Image segmentation may use statistical classification, thresholding, edge detection, region
detection, or any combination of these techniques. The output of the segmentation step is usually
a set of classified elements. Most segmentation techniques are either region-based or edge based-

Region-based techniques rely on common patterns in intensity values within a cluster of


neighboring pixels. The cluster is referred to as the region, and the goal of the segmentation
algorithm is to group regions according to their anatomical or functional roles. Edge-based
techniques rely on discontinuities in image values between distinct regions, and the goal of the
segmentation algorithm is to accurately demarcate the boundary separating these regions.
Segmentation is a process of extracting and representing information from an image is to group
pixels together
In order to compare willmore flow level set segmentation with statistical shape model we create
a dataset of 20 ct images of normal spinal vertebrae images of patients.
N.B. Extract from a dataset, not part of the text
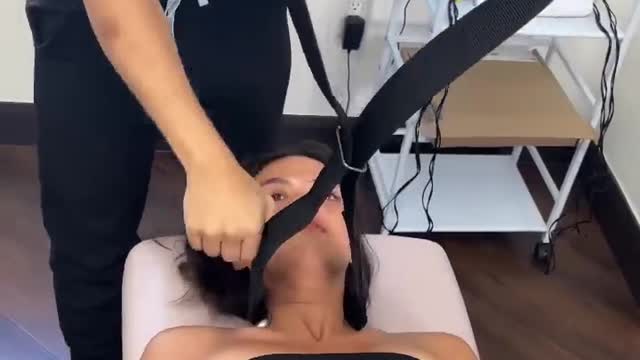 Y Strap Cracking Crunchy ASMR Adjustment - Beverly Hills Chiropractor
These images are
carefully selected by radiologists to form a representative group. The ground truths are obtained
by using TURTLESEG, 3D image segmentation software and verified by radiologists.
The willmore flow level set segmentation and statistical shape model are applied on these set of
images differently. a qualitative comparison between the segmented results are done between
these two models and analyze the better suited model.
For a quantitative evaluation we measure the errors of the segmented meshes from the model
which is better than other and try to implement the same on similar MRI images.

5.POSSIBLE OUTCOMES

Comparative results of willmore flow level set segmentation and statistical shape model
Better segmentation results for diagnosis
A method of segmentation for MRI images.